Page Contents
Hi All, In this post I will tell you How To Install Spark And Pyspark On Centos.
Spark Installation
Prerequisite
Make sure Java is installed. To check the Java version, use below command
java -version openjdk version "1.8.0_232" OpenJDK Runtime Environment (build 1.8.0_232-b09) OpenJDK 64-Bit Server VM (build 25.232-b09, mixed mode)
Download the Spark version
Lets download the Spark latest version from the Spark website.

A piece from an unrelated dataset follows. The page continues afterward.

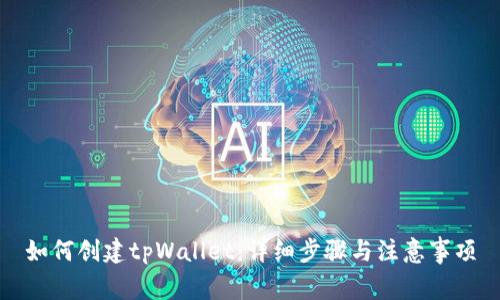 如何创建tpWallet：详细步骤与注意事项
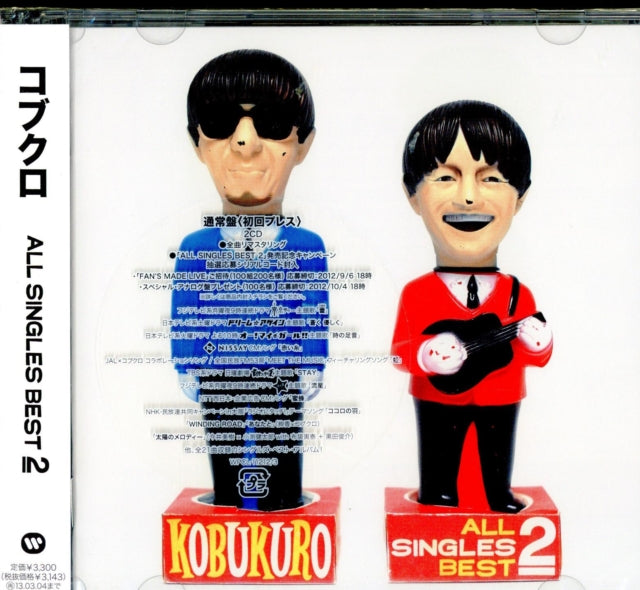 Kobukuro - All Singles Best 2 (CD)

wget http://mirrors.gigenet.com/apache/spark/spark-3.0.0-preview2/spark-3.0.0-preview2-bin-hadoop3.2.tgz
Untar the distribution
tar -xzf spark-3.0.0-preview2-bin-hadoop3.2.tgz ln -s spark-3.0.0-preview2-bin-hadoop3.2 /opt/spark
ls -lrt spark lrwxrwxrwx 1 root root 39 Jan 01 16:40 spark -> /opt/spark-3.0.0-preview2-bin-hadoop3.2
Export the spark path to .bashrc file
echo 'export SPARK_HOME=/opt/spark' >> ~/.bashrc echo 'export PATH=$SPARK_HOME/bin:$PATH' >> ~/.bashrc
Execute .bashrc using source command
source ~/.bashrc
Test the installation
Go to the bin directory of Spark distribution and execute the shell file start-master.sh
$SPARK_HOME/sbin/start-master.sh starting org.apache.spark.deploy.master.Master, logging to /opt/spark/logs/spark-root-org.apache.spark.deploy.master.Master-1-ns510700.out
If successfully started, you should be able to see below INFO level message on console
Successfully Started Service
How To Install PySpark
Install pyspark using pip.
pip install pyspark
If successfully installed. You should see following message depending upon your pyspark version.
Successfully built pyspark Installing collected packages: py4j, pyspark Successfully installed py4j-0.10.7 pyspark-2.4.4
Add py4j-0.10.8.1-src.zip to PYTHONPATH
You you face below mentioned error
Py4JError: org.apache.spark.api.python.PythonUtils.getEncryptionEnabled does not exist in the JVM
This can be fixed by adding the PYTHONPATH in .bashrc file as mentioned below
echo 'export PYTHONPATH=$SPARK_HOME/python:$SPARK_HOME/python/lib/py4j-0.10.8.1-src.zip' >> ~/.bashrc source ~/.bashrc
Invoke ipython now and import pyspark and initialize SparkContext.
ipython
In [1]: from pyspark import SparkContext In [2]: sc = SparkContext("local") 20/01/17 20:41:49 WARN NativeCodeLoader: Unable to load native-hadoop library for your platform... using builtin-java classes where applicable Using Spark's default log4j profile: org/apache/spark/log4j-defaults.properties Setting default log level to "WARN". To adjust logging level use sc.setLogLevel(newLevel). For SparkR, use setLogLevel(newLevel).
If you see above screen, it means pyspark is working fine.
Guys we have successfully installed Spark and PySpark on CentOS. Happy Learning 🙂